Chardonnay lovers generally fall into one of two camps; those who love a 'buttery' style and those who prefer sans-dairy. Although if you’re a Chardonnay lover like me, you may be willing to run the gauntlet on a broad range of styles.
So, what is it that lends this creaminess to some Chardonnay wines?
The softer notes come from a process called ‘Malolactic Fermentation’, or MLF for short. Under the right conditions, a bacteria named Oenococcus oeni (and a few others) converts malic acid to lactic acid, resulting in a more genteel acid profile.
Apologies for getting quite technical here, but MLF is actually a "decarboxylation" instead of a fermentation. The bacterial cell takes in malate, converts it into lactate, and releases carbon dioxide in the process.
Malic acid is the sour tartness you find in granny smith apples while Lactic acid is present in milk and dairy products. A greater amount of MLF will results in a less tart, more buttery wine.

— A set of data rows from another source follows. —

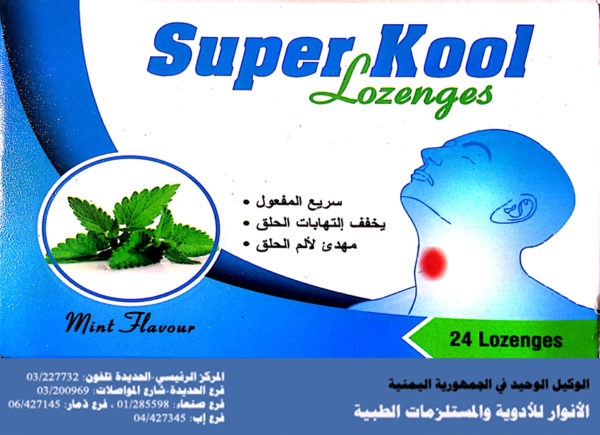 Super kool lozenges - Image 2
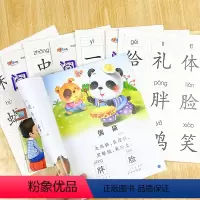 [正版]幼小衔接阅读与识字 全4册认字学龄前用书启蒙早教大班学前幼儿园升一年级儿童卡片全套早教3-4-5-6岁大王一日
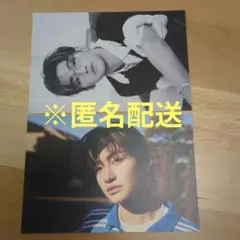 TWS ジフン TRY WITH US ポストカード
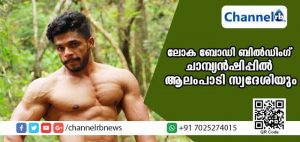 Read more about the article പത്താമത് ലോക ബോഡി ബില്‍ഡിംഗ് ചാമ്പ്യന്‍ഷിപ്പില്‍ കാസര്‍കോട് ആലംപാടി സ്വദേശിയും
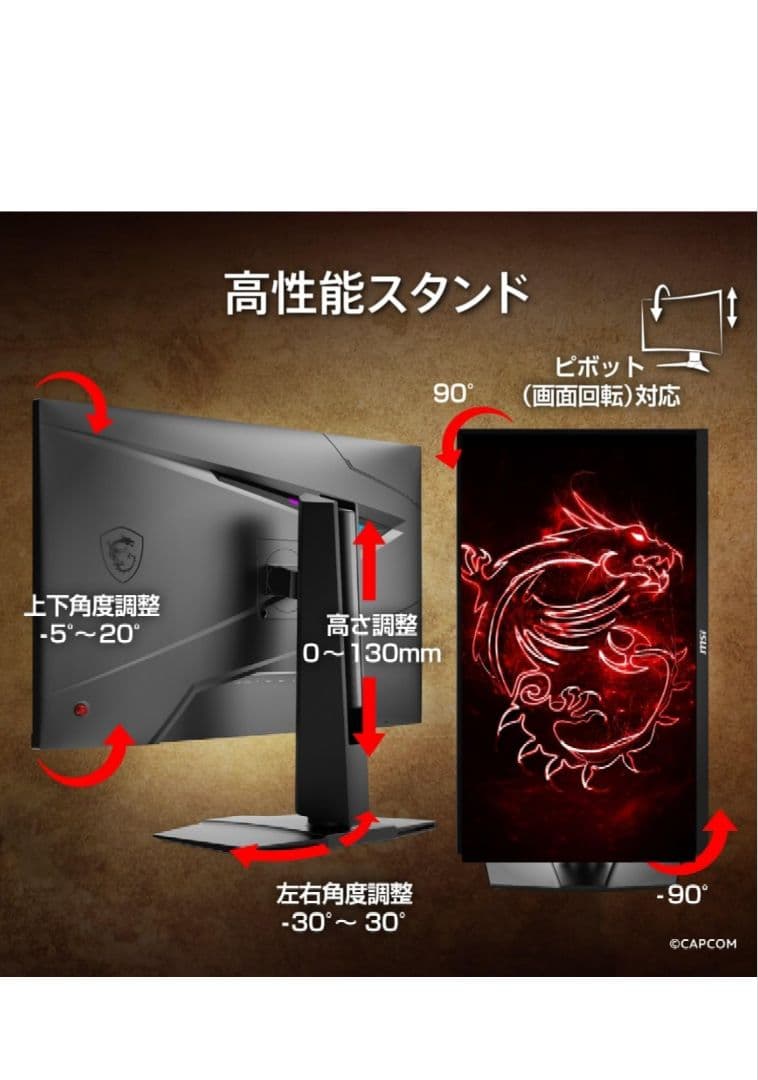 MSI MPG-274URF-QD 27インチ 4K ゲーミングモニター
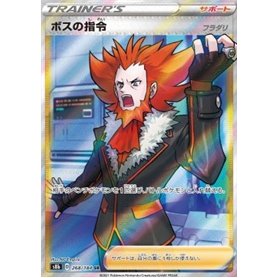 s8b 268 - Lysandre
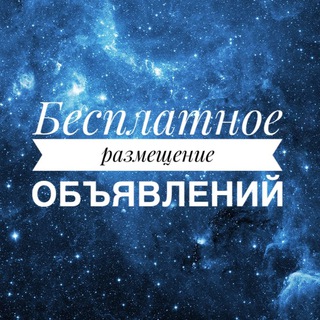 Логотип @barakholka_tsiolkovsky - Барахолка ЗАТО Циолковский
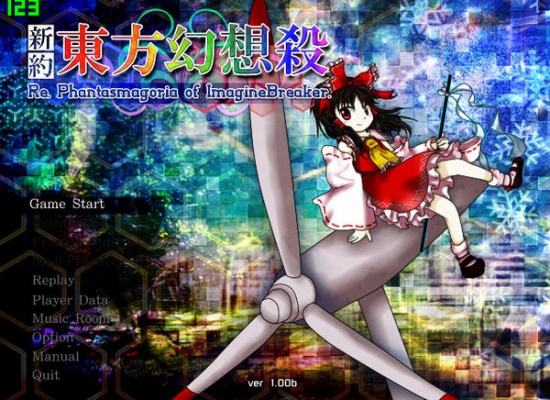 新約東方幻想殺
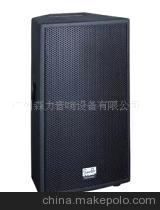 專業(yè)音響揚(yáng)聲器 - 專業(yè)音響揚(yáng)聲器廠家 - 專業(yè)音響揚(yáng)聲器價格 - 廣州森力音響設(shè)備 - 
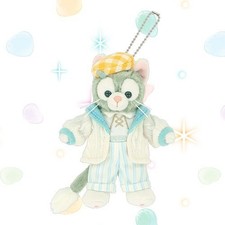 Beau porte-clés peluche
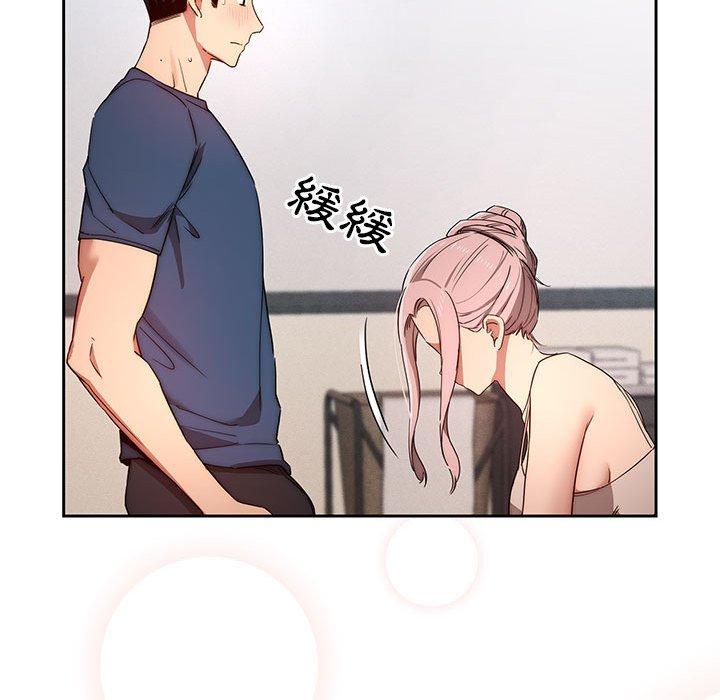 疫情期间的家教生活第35話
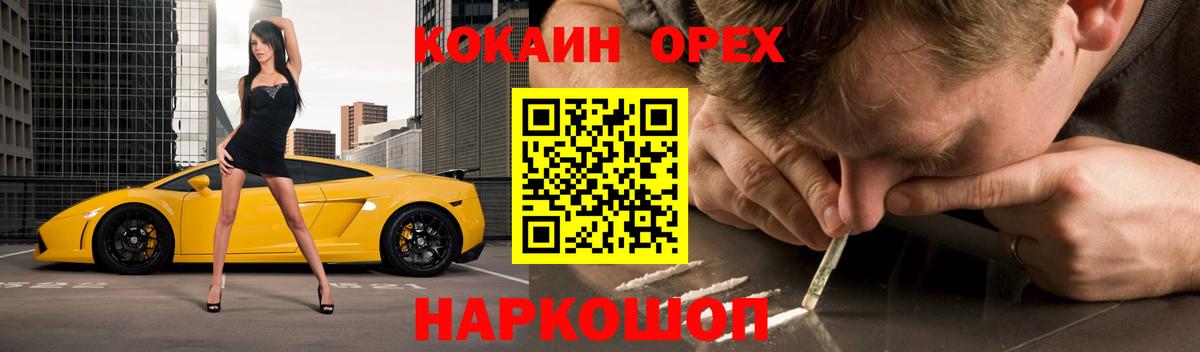 COCAIN 98%  Вход с VPN  Чебаркуль 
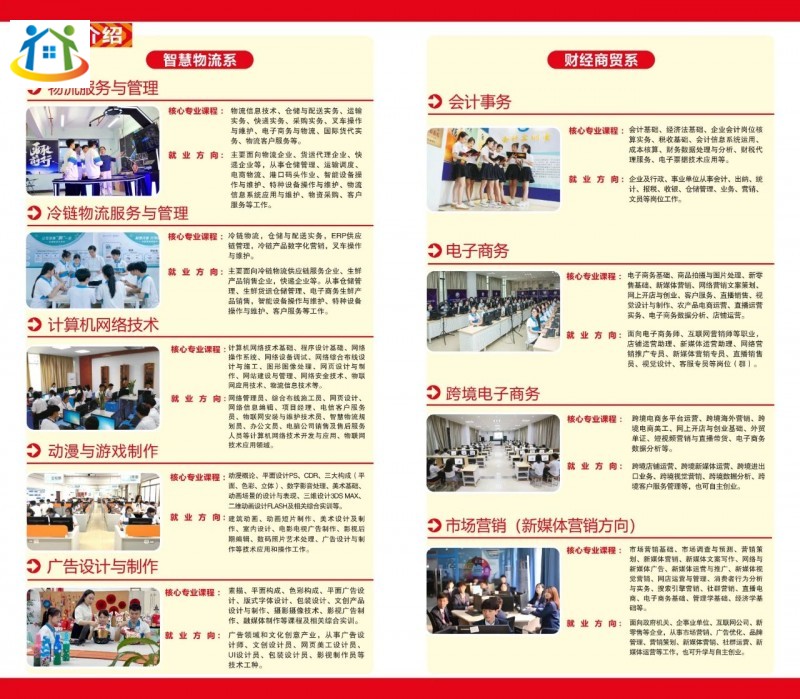 广西初中升学网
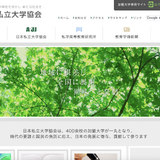 セクハラ・性暴力の防止へ、日本私立大学協会が声明 画像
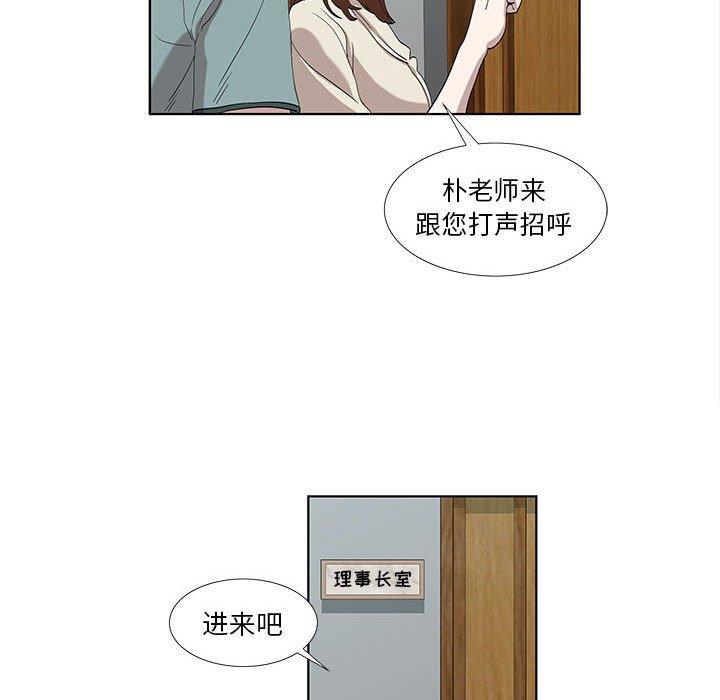第12话 - 第52.jpg页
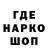 Печенье с ТГК конопля bandic 228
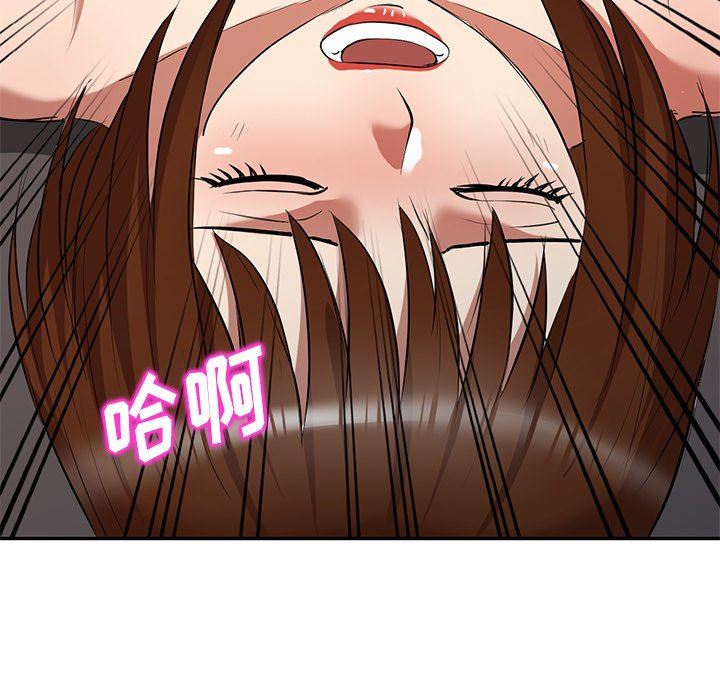 《球童妈妈》漫画最新章节第26话免费下拉式在线观看章节第【89】张图片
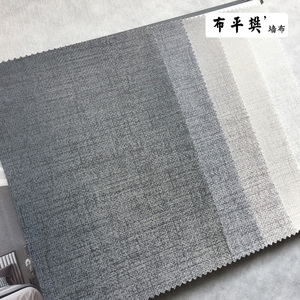 深灰水泥灰浅灰色素色现代北欧轻奢无缝墙布壁布暗纹十字墙纸壁纸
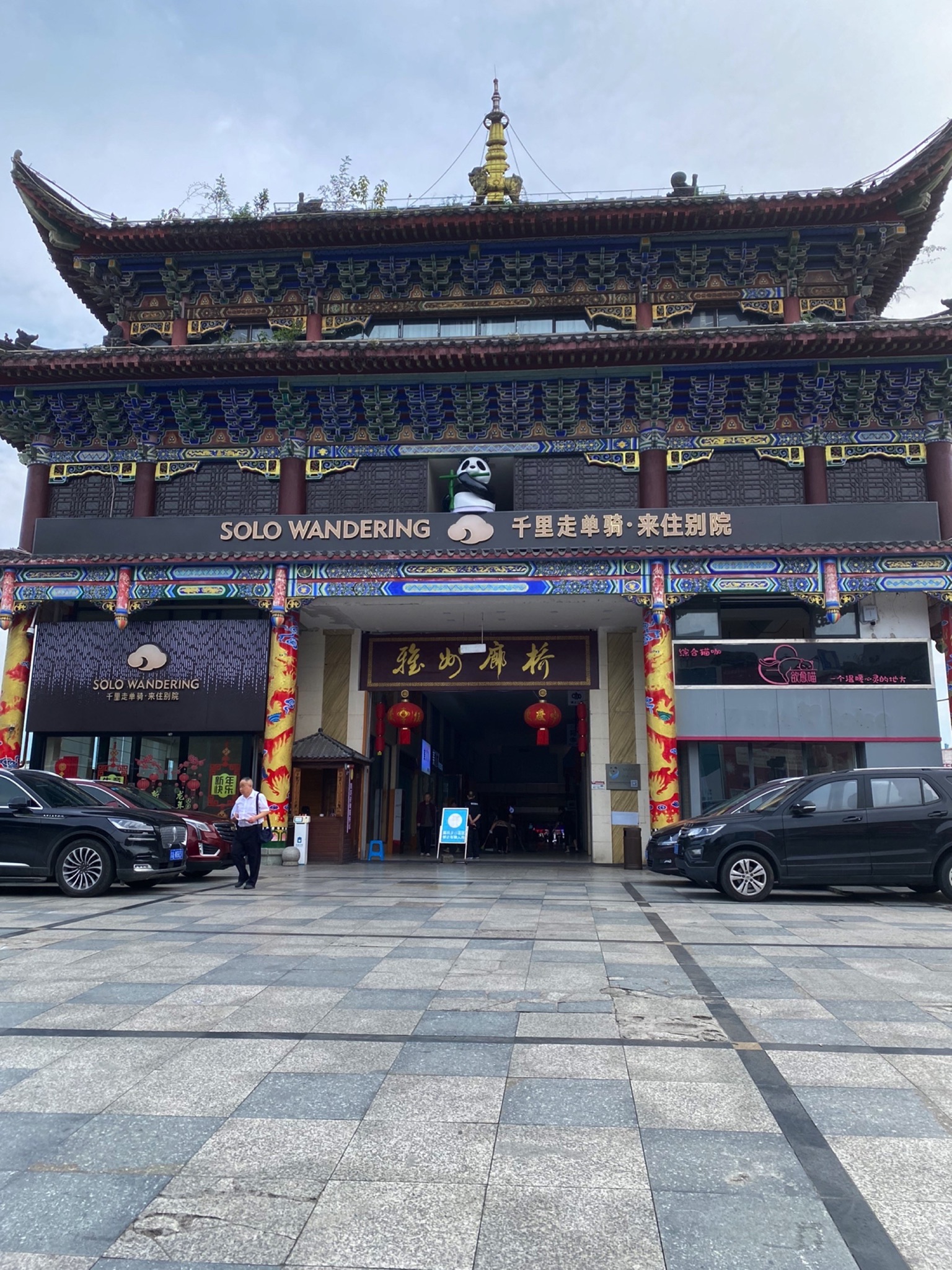 雅州廊桥旅行图片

However, it’s not I only acid conversion that creates this effect. Interestingly, there’s a biproduct of MLF called Diacetyl which has a nutty, toasted flavour at low concentrations and an overwhelming buttery flavour at higher concentrations.
Winemakers are quite judicious with the percentage of MLF they allow to occur in their Chardonnays, stopping the conversion at the optimal point by adding sulphur and cooling the wine. Many winemakers prefer to not allow any MLF at all, it all comes down to target wine style.
California has embraced the buttery Chardonnay and many brands even use a direct reference to “butter” on their label.
As for Margaret River, you’ll find the full range of Chardonnays on offer. One thing’s for sure though, no matter how much MLF, this varietal is a true hero of this region in all its forms.